Tout le problème réside dans la solution qu’il propose, à savoir la victimisation consumériste de la France périphérique et l’attente du sauveur.

En effet, dans La France périphérique, sa thèse reste la même que dans les Fractures françaises, à savoir la récrimination contre les bénéficiaires de la mondialisation qui laissent de côté les malheureux membres de la majorité invisible. La notion de classe moyenne a volé en éclats et ne sert qu’à justifier la stigmatisation de la France périphérique. Cette fois-ci, l’accent est mis sur les conséquences politiques de cette fracture avec des explications du vote (La France périphérique, pp. 63-67) et des prophéties sur l’avenir des partis (La France périphérique, pp. 83-87). Les méchantes élites ne cessent de vouloir museler le peuple, à l’image de Viviane REDING qui veut refuser le droit aux électeurs britanniques de se prononcer sur leur sortie de l’Union européenne (La France périphérique, p. 92).

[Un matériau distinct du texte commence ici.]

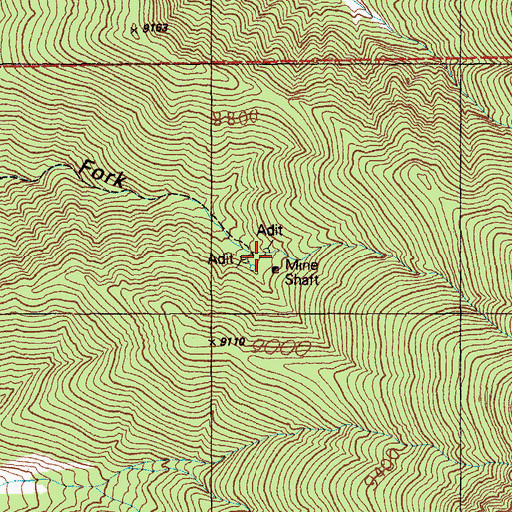 Topographic Map of Troy Mine, NV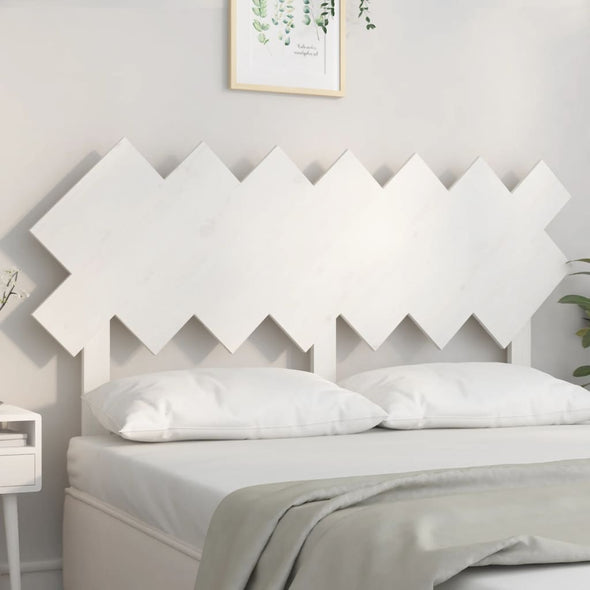 Bed Headboard White 151.5x3x81 cm Solid Wood Pine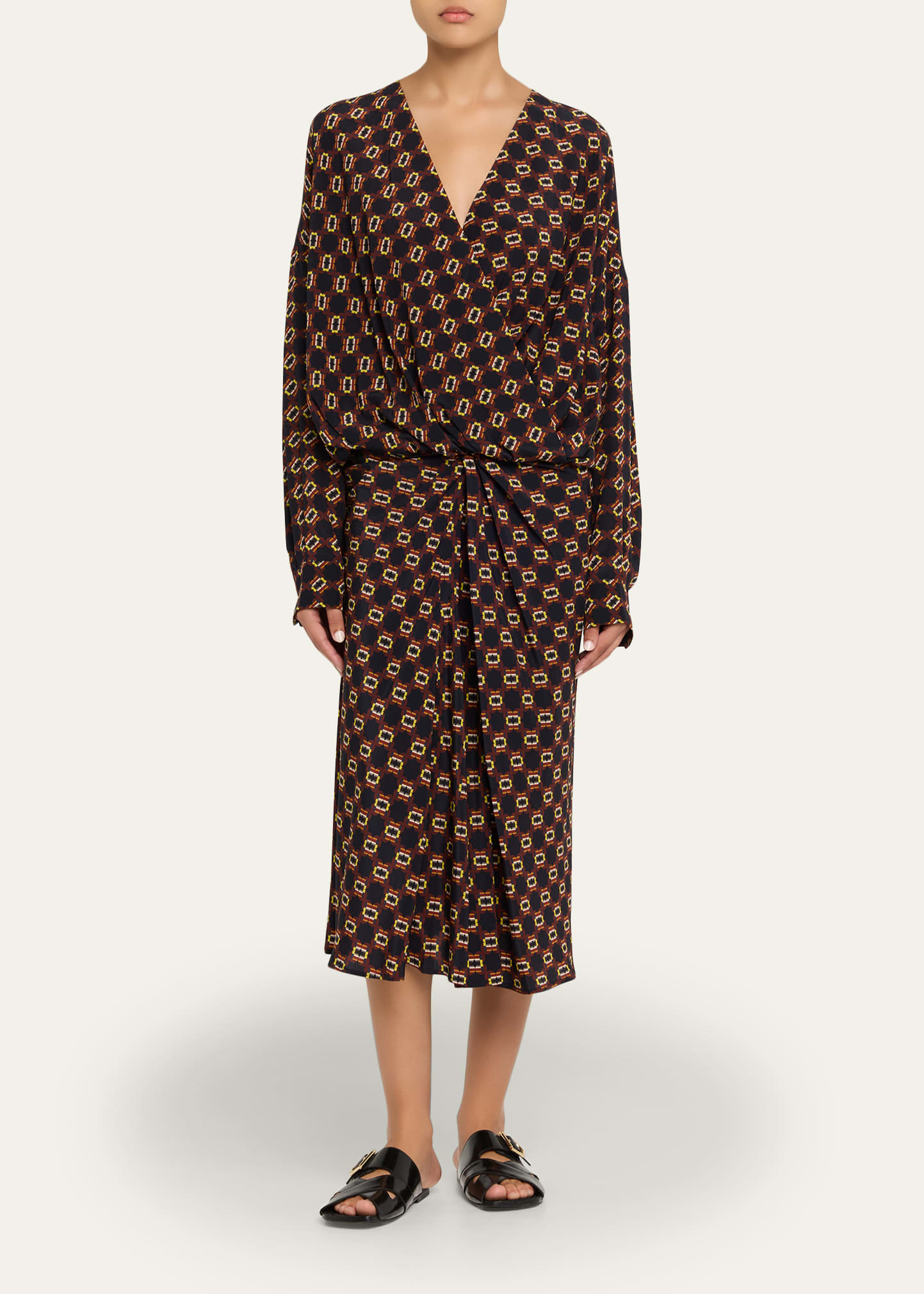 Camiel Printed Silk Long-Sleeve Wrap Top - 2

L’auteur persiste dans sa vision colorée de la France (en Noirs et Blancs pour être ‘‘clair’’, si l’on peut dire). A cette occasion, il crée la distinction entre la gauche d’en haut, sociétale et blanche, et la gauche d’en bas, dans les DOM TOM ainsi que parmi les Musulmans, tous peu favorables au mariage pour tous (La France périphérique, p. 104).

Les Bonnets rouges sont mobilisés pour illustrer la France périphérique prétendument marginalisée (p. 53) (alors qu’il y a parmi eux des chefs d’entreprises dont les sociétés sont intégrées à l’économie monde, d’où les coûts de transport contre lesquels ils protestent, d’ailleurs…).

Sinon, l’auteur se répète un peu par rapport aux Fractures françaises. Ainsi, il cite à nouveau, de manière toujours aussi allusive, PUTNAM, (La France périphérique, p. 169) en ne faisant référence qu’à un article de Jean-Louis THIEBAULT de 2003 paru à la Revue Internationale de Politique Comparée (2003/3, vol. 10, « Les travaux de Robert D. Putnam sur la confiance, le capital social, l’engagement civique et la politique comparée », pp. 341 à 355).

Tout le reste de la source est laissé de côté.